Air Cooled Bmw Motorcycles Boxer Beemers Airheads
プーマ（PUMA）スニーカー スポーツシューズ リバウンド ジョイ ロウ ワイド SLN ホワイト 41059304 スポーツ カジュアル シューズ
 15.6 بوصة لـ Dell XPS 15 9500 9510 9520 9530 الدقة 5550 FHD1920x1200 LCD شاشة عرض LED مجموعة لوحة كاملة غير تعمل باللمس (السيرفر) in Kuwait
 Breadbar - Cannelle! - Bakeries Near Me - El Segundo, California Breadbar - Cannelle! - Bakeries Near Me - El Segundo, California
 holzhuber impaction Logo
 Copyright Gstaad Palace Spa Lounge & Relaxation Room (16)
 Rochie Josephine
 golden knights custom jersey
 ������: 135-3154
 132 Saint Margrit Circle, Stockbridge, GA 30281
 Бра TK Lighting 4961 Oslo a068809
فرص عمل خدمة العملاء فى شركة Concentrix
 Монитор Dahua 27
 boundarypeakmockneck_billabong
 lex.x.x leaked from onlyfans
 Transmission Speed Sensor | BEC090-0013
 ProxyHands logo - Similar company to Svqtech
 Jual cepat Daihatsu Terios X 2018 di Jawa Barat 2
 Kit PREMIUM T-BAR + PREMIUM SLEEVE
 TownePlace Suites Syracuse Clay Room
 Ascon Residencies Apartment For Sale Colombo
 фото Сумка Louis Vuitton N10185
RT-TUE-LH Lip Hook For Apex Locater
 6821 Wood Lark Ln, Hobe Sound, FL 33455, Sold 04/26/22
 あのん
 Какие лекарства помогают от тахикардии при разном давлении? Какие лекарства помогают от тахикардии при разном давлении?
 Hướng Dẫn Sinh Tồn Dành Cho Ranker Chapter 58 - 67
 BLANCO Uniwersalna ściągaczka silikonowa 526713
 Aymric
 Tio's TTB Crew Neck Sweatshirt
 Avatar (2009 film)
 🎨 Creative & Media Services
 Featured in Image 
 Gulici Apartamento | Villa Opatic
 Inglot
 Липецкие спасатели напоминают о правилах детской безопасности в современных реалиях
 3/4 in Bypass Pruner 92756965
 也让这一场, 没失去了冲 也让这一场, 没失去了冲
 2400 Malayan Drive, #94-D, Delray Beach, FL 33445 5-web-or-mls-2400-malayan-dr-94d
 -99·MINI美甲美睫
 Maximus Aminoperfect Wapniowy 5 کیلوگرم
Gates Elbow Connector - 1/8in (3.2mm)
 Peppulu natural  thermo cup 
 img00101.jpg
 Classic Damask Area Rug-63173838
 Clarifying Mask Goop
----
Count every line in the listing above where the string "Room" occurs, and report the count and nothing more.

2